Requirement: Where does the word "Sport" appear in the entries below? Copy each line that holds it.

Dataset content:
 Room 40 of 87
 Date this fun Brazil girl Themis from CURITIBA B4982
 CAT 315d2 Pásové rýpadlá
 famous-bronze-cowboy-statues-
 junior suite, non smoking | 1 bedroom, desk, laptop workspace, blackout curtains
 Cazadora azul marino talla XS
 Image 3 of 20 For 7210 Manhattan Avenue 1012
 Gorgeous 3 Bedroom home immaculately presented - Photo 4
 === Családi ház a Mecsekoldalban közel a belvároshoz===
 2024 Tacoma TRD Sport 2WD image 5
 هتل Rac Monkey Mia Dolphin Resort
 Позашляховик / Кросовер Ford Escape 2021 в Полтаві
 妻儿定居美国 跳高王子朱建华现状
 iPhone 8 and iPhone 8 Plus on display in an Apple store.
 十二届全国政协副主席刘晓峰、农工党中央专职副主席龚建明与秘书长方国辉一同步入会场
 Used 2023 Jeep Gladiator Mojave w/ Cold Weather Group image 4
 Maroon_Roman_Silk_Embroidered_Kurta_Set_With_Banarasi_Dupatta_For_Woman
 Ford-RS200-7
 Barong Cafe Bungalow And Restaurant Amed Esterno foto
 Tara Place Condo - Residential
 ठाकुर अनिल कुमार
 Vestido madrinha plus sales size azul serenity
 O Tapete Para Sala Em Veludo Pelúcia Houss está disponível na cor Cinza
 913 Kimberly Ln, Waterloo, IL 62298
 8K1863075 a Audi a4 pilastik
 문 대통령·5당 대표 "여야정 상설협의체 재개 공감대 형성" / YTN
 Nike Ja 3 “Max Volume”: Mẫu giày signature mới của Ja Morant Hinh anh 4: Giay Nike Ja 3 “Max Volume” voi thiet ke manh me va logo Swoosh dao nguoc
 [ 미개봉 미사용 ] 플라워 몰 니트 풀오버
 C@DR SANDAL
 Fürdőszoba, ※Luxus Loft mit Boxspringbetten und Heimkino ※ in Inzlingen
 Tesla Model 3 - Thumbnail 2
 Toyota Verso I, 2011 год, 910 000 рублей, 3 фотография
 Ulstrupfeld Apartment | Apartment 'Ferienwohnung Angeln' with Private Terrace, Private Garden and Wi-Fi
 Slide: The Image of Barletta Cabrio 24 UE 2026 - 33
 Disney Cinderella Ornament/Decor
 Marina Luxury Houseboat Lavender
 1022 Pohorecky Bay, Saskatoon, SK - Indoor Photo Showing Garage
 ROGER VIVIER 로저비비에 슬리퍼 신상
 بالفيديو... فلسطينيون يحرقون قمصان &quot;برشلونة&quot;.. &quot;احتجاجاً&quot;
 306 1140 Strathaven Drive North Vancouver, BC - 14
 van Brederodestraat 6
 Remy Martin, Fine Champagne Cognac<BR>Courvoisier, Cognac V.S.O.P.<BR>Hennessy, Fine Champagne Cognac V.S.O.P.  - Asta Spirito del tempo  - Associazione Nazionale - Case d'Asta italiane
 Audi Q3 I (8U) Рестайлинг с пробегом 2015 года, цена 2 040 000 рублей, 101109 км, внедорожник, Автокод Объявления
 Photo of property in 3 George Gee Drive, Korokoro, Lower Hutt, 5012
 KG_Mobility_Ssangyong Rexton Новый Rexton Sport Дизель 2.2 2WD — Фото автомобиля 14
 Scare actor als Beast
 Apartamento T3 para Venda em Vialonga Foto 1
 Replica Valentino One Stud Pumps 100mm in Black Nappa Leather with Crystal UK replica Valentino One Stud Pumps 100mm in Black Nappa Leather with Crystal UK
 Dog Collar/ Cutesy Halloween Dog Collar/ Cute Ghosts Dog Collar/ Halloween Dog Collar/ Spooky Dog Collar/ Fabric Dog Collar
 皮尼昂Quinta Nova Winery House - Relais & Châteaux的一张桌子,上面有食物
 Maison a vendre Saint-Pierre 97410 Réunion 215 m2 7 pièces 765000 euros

Response to this task:
 2024 Tacoma TRD Sport 2WD image 5
 KG_Mobility_Ssangyong Rexton Новый Rexton Sport Дизель 2.2 2WD — Фото автомобиля 14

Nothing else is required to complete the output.